Meditación: HOMBRE DE POCA FE
Pues si una hierba del campo, que hoy es y mañana se echa en el horno, Dios así la viste, ¿cuánto más a vosotros hombres de poca fe? MT 6, 30.
Pensamos que el temor y la confianza se suceden en nosotros y se excluyen mutuamente, y llegamos quizá a creer que debemos elegir entre esas dos hermanas enemigas. Es un error.
El temor no es el miedo. Temer a Dios no es temblar ante los caprichos de un potentado de Oriente, cuya ira estalla sin motivo, y a quien se ofende sin darse uno cuenta. Dios no está lejos de nosotros; su gracia tiene su asiento en nuestra alma, y no espera a vemos bambolear para venir a nosotros. Temer a Dios es temblar ante la ira divina, pero esa ira tiene un objeto muy preciso. Temer a Dios es temer lo que ocasiona la ira de Dios, y sólo el pecado, es decir la deserción culpable, la infidelidad consentida, sólo el pecado desagrada a la Justicia eterna, sólo la mentira de los hipócritas que rehúsan cumplir lo que saben que es su deber, sólo esa mentira es odiosa a la Verdad substancial.
Y ya que temer a Dios es temer la ofensa voluntaria, demuestran que han entendido mal las palabras del Apóstol, cuando nos dicen que el temor es bueno para los principiantes, y que existen atajos, que conducen por el amor solamente, sin el temor, hasta las cumbres de la perfección.
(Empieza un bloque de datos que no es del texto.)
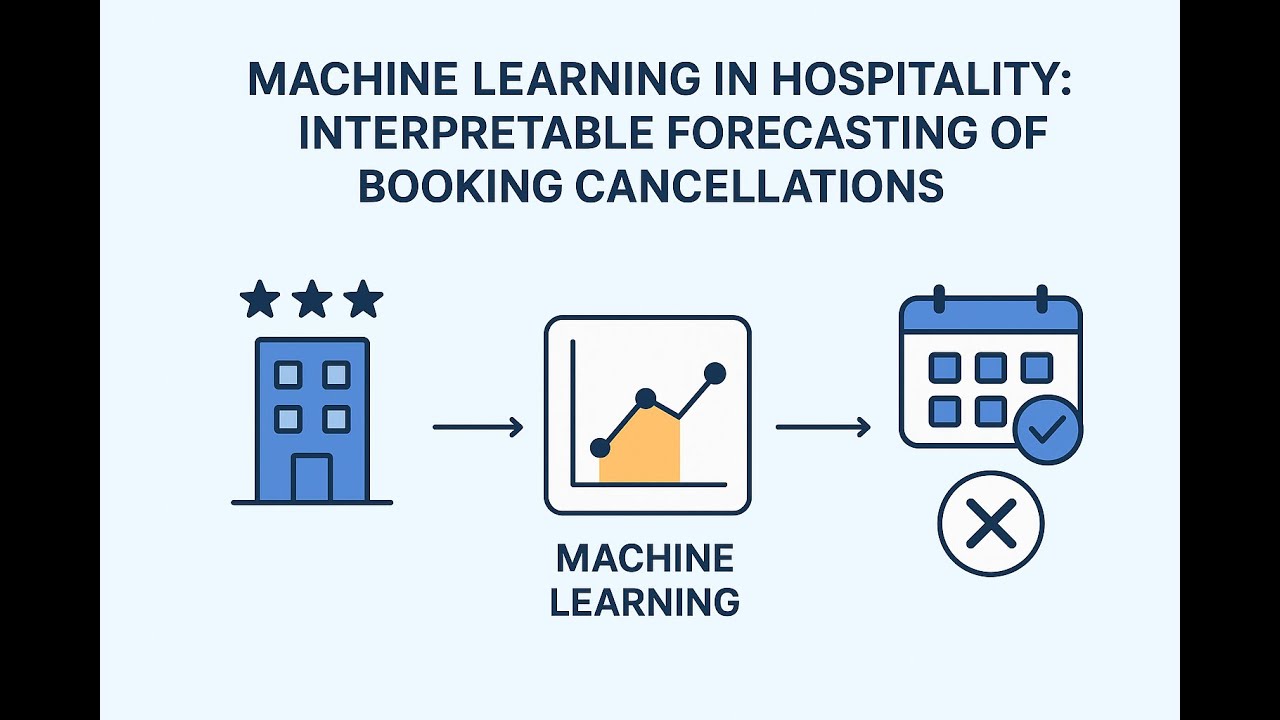 Machine Learning in Hospitality: Interpretable Forecasting of Booking Cancellations || VIP || IEEE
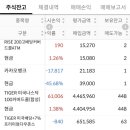 원금농장 네이버블로그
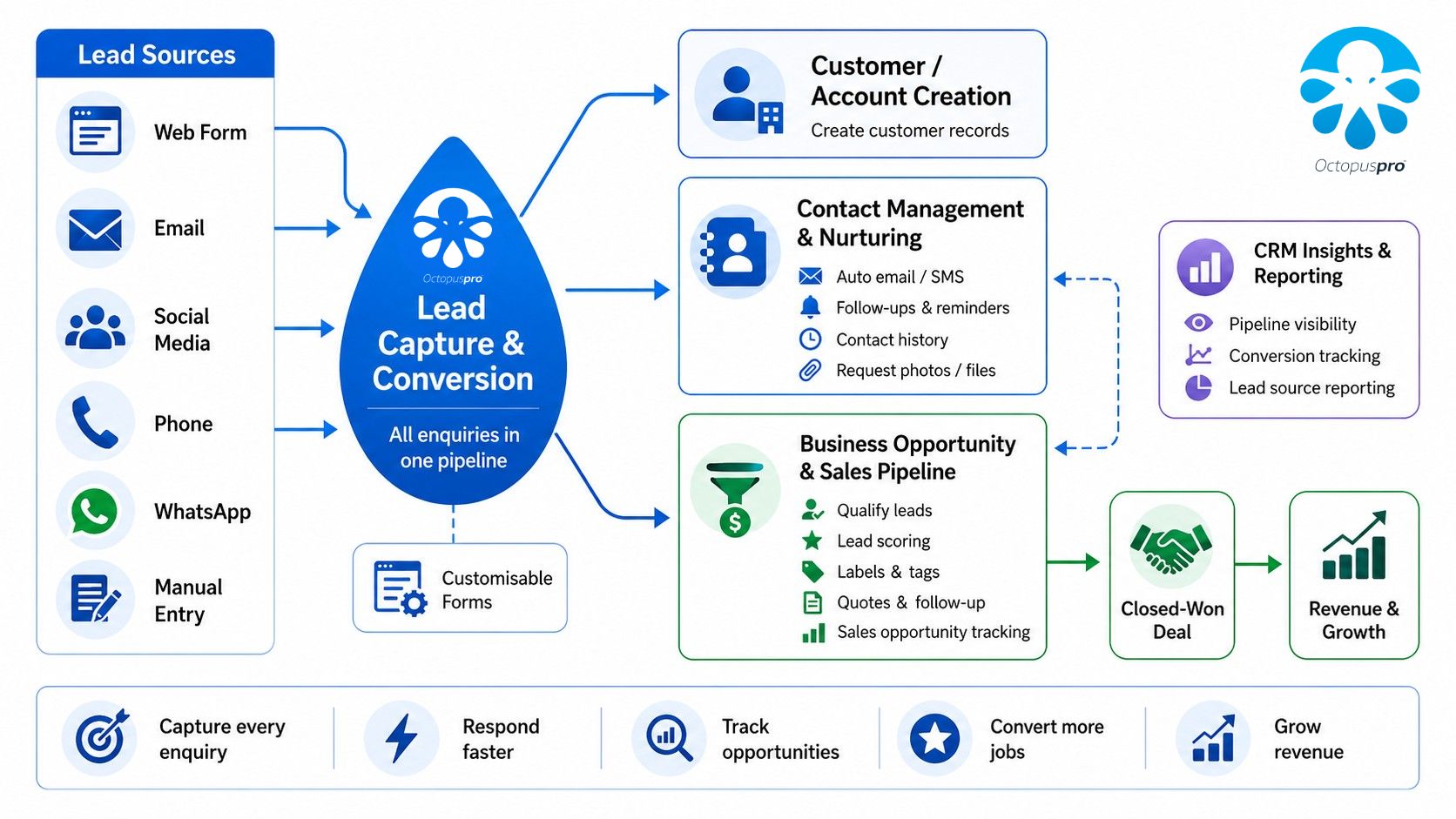 Lead capture and conversion diagram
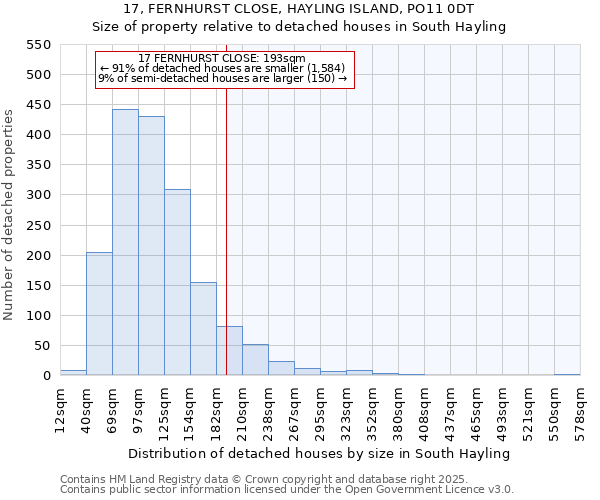 17, FERNHURST CLOSE, HAYLING ISLAND, PO11 0DT: Size of property relative to detached houses houses in South Hayling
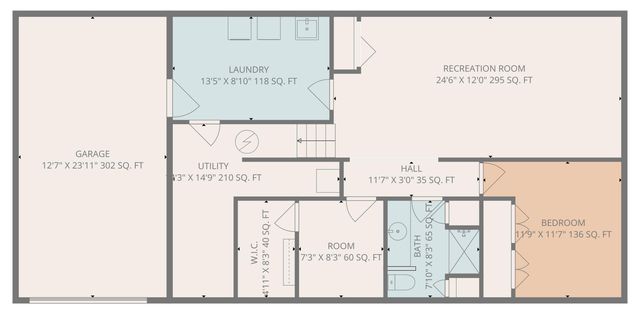 3424 Westmoreland DR, Roanoke, VA 24018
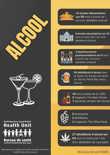 Alcohol Retail Data Infographic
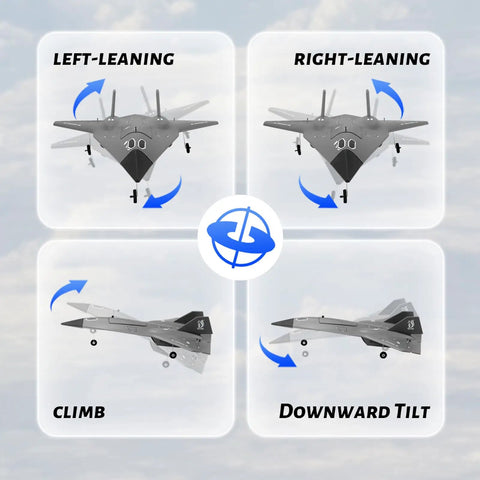 4 Channel RC Plane With 2.4GHz Radio For Beginners, Lightweight EPP Foam Jet With SR 72 Recon Look, showing flight maneuvers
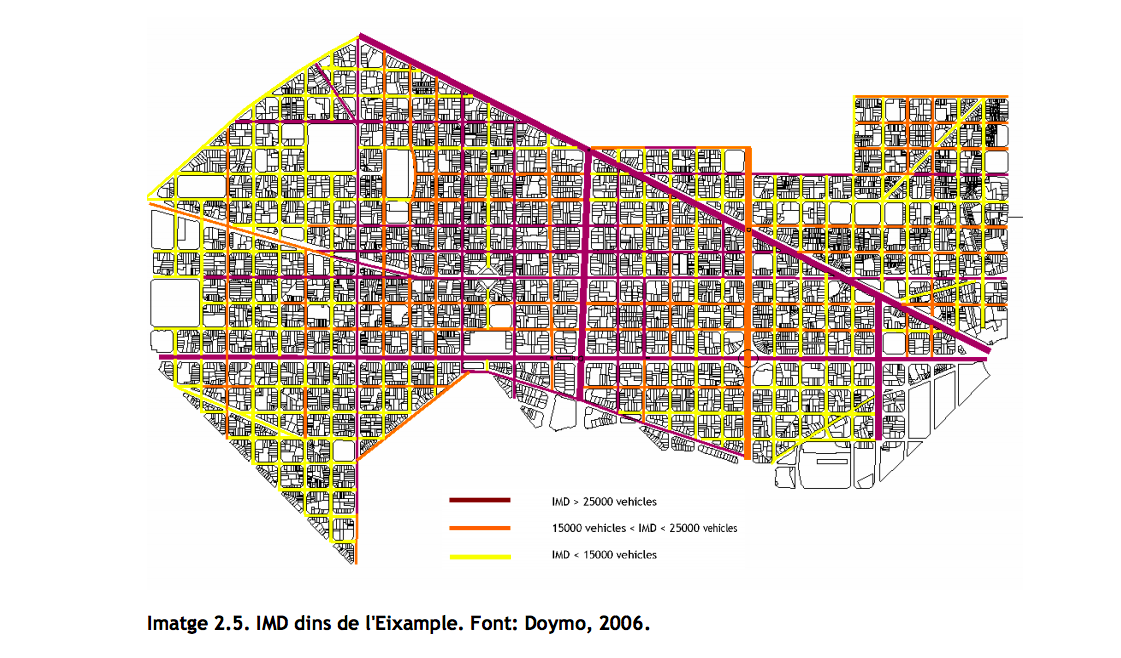 Fluxos de vehicles a l'Eixample (2006) / Julián Massó/UPC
El temor debe ir en aumento todos los días en las almas fieles, porque ellas comprenden cada día más plenamente que el único mal es el pecado, y porque cada día también se dan cuenta con más profundidad de la impotencia de su voluntad natural. Nosotros no hablaremos mal del temor, eso sería calumniar neciamente nuestra primera salvaguardia.
Pero si tememos el pecado, deberemos encaminamos con toda la fuerza de esa aversión hacia el remedio y hacia las garantías tutelares. Y el remedio contra el pecado, pasado, presente y futuro, es algo que no podemos descubrirlo en nosotros, como no se puede encontrar el agua dulce cavando en el mar. Impotentes para evitar durante mucho tiempo ni siquiera el pecado mortal incapaces por nosotros mismos de permanecer mucho tiempo en pie, sobre nuestros pies, de enfermos, en los senderos, tenemos necesidad, físicamente, absolutamente, de la gracia invisible de Dios, para no perecer en la muerte.
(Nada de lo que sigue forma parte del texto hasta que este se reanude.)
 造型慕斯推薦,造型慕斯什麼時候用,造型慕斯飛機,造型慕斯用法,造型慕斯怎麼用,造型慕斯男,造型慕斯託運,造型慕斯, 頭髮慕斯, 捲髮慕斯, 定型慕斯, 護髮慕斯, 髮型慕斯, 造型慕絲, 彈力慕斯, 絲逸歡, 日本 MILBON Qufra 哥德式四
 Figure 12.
Por eso cuanto más tememos el pecado, más nos acercamos al Padre de los huérfanos, al Señor poderoso y bueno, al único que puede curar nuestra miseria. Dios, que con una mano castiga el mal, guarda en la otra el remedio contra el mal y cuanto más se le teme, más se confía en él.
Dejemos, pues, a los paganos, llenos de ideas humanas, e ignorantes del misterio de la gracia, dejémosles declarar que el temor aleja siempre y que los que temen están desprovistos de alegría. Cuando uno se siente invadido por el vértigo al subir por sendas escarpadas, bordeadas de precipicios, se aferra a peñascos de la montaña y clava las uñas en las hendiduras con toda la energía de su debilidad. ¿Debemos llevar la cuenta de los malignos vértigos que se dan en nosotros y que nos arrastran hacia la medianía, hacia los contentamientos vulgares, hacia las muelles perezas y las pequeñas inmoralidades? Entonces agarremonos a la piedra que es Cristo y que nuestro abrazo sea tanto más apretado cuanto más de manifiesto se haya puesto nuestra debilidad.
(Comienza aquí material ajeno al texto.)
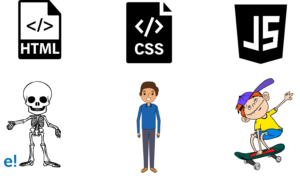 JavaScript Tutorial for Beginners : A Complete Guide | Edureka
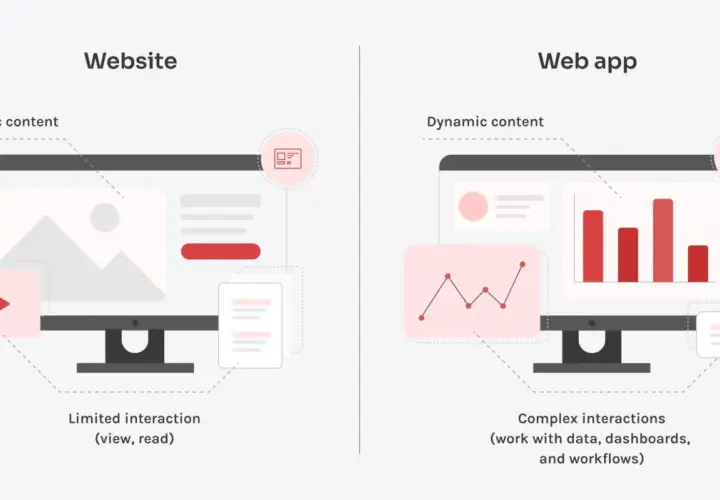 Comparaison visuelle : un site web avec contenu statique et interaction limitée, face à une application web avec contenu dynamique et interactions complexes.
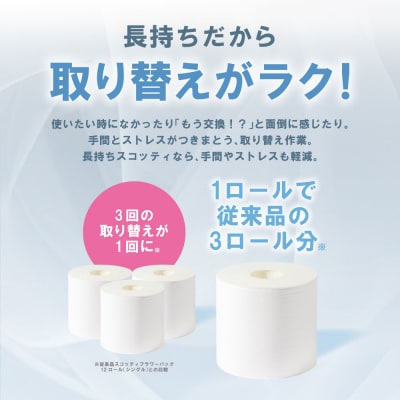 トイレットペーパー シングル 8ロール 3倍巻き 日用品 スコッティ_186-6429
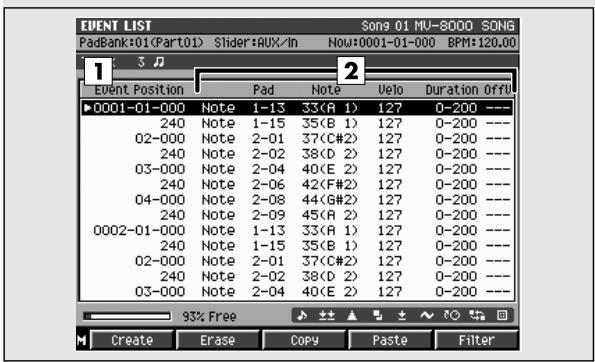 ROLAND MV-8000 - Touches de fonction (f) - 2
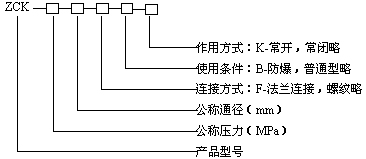型號規格說明圖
Y el temor y la confianza se unirán en una misma Oración, se fundirán en una misma actitud del alma.
Una vida interior, uno de cuyos elementos esenciales no sea el temor, no contiene más que ilusión. Y el día en que la burbuja estalle, se verá que no era más que una nada presuntuosa. Una vida interior que no vaya a parar a la confianza es defectuosa; pero una vida interior que no comience por la confianza, está viciada desde su origen, y esa mentira inicial acarrearía funestas consecuencias.
Vemos como somos y saber lo que Dios quiere ser para nosotros, es unir al perfecto desapego de sí mismo el abandono total entre las manos divinas. Nuestra seguridad no está en nosotros, ya que las llaves de nuestra morada están en poder de aquel que abre y cierra como dueño absoluto, sin dar cuenta a nadie.
Oración
Aun son mayores nuestras miserias, Virgen piadosa; pues vueltos los ojos y el corazón a las tiendas de los pecadores y a sus necias y asquerosas vanidades, tenemos en poco y muy trascordadas las delicias del cielo ¡Cuánta es nuestra insania, nuestra ceguedad y nuestra torpeza! Mayor gusto nos da correr con grandes sudores y fatigas tras de cosas vilísimas y despreciables, y aun de la misma muerte, que seguir los caminos llanos y deleitosos que nos llevan a la posesión y goce de la gloria y de Dios. Y que si no nos hubieses tenido tú de la mano pararíamos ya en el infierno. No nos sirve excusamos con decir que somos hijos de Eva, pues harta culpa es dejar la luz de tus ejemplos y dejamos llevar de los suyos. Mas de tu piedad espero que podré desperezarme y levantar el abatido ánimo hasta la plena correspondencia a tus bondades (S. Buenaventura).